Tuesday, February 22, 2011

Java code to tail -N a text file

This code allows you to go over the last N lines of a specified file. It has a "head" method, which simply allows you to go over the file from the beginning.
import java.io.*;
import java.nio.channels.FileChannel;
import java.nio.CharBuffer;
import java.nio.ByteBuffer;
import java.util.Iterator;
import java.util.NoSuchElementException;public class MMapFile {

    public class MMapIterator implements Iterator<String> {
        private int offset;

        public MMapIterator(int offset) {
            this.offset = offset;
        }
        
        public boolean hasNext() {
            return offset < cb.limit();
        }

        public String next() {
            ByteArrayOutputStream sb = new ByteArrayOutputStream();
            if (offset >= cb.limit())
                throw new NoSuchElementException();
            for (; offset < cb.limit(); offset++) {
                byte c = (cb.get(offset));
                if (c == '\n') {
                    offset++;
                    break;
                }
                if (c != '\r') {
                    sb.write(c);
                }

            }
            try {
                return sb.toString("UTF-8");
            } catch (UnsupportedEncodingException e) {}
            return sb.toString();
        }

        public void remove() {

        }
    }


    private ByteBuffer cb;
    long size;
    private long numLines = -1;
    public MMapFile(String file) throws FileNotFoundException, IOException {
        FileChannel fc = new FileInputStream(new File(file)).getChannel();
        size = fc.size();
        cb = fc.map(FileChannel.MapMode.READ_ONLY, 0, fc.size());
    }

    public long getNumLines() {
        if (numLines != -1) return numLines;  //cache number of lines
        long cnt = 0;
        for (int i=0; i <size; i++) {
            if (cb.get(i) == '\n')
                cnt++;
        }
        numLines = cnt;
        return cnt;
    }

    public Iterator<String> tail(long lines) {
        long cnt=0;
        long i=0;
        for (i=size-1; i>=0; i--) {
            if (cb.get((int)i) == '\n') {
                cnt++;
                if (cnt == lines+1)
                    break;
            }
        }
        return new MMapIterator((int)i+1);
    }

    public Iterator<String> head() {
        return new MMapIterator(0);
    }

    static public void main(String[] args) {
        try {
            Iterator<String> it = new MMapFile("/test.txt").head();
            while (it.hasNext()) {
                System.out.println(it.next());
            }
        } catch (Exception e) {
            
        }

        System.out.println();

        try {
            Iterator<String> it = new MMapFile("/test.txt").tail(2);
            while (it.hasNext()) {
                System.out.println(it.next());
            }
        } catch (Exception e) {

        }

        System.out.println();

        try {
            System.out.println("lines: "+new MMapFile("/test.txt").getNumLines());
        } catch (Exception e) {

        }

    }

}

The technique is to simply map the file into memory using java.nio.channels.FileChannel.map in the Java NIO library and manipulate the file data using memory techniques.

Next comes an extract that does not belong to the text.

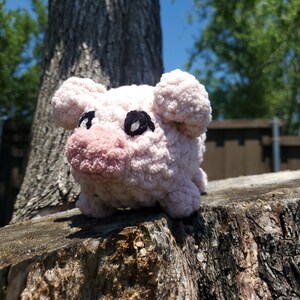 Handmade Crochet Pink Pig Plush – Adorable Amigurumi Piglet, Soft, Cuddly Farm Animal Plush, Cute Gift for Pig Lovers & Plush Collectors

For the "tail" function, we walk back the mapped bytes counting newlines. The MMapIterator class conveniently provides a way to iterate over lines once we find the starting line.

There is a point where care must be taken in the MMapIterator.next() implementation. That is making sure that bytes are converted to the appropriate string encoding. We use "UTF-8" but if you are dealing with a different encoding in the input file, this should be changed.

12 comments:

Anonymous said...

Hi,

Thanks for this blog. I was looking to write a program for doing these features.

Can you please help me how to execute this program. Should I create a project in eclipse ? Where I can create a directory where I can keep the file to read.

Regards
Guru

thushara said...

You don't need a project. Save this file and use javac to compile it.

Anonymous said...

Hi Thushara,

Thank you so much for your response.

I will try out that. I want to read the last newly appended lines. Assume I am going to read a log file. I need to read only the latest logs.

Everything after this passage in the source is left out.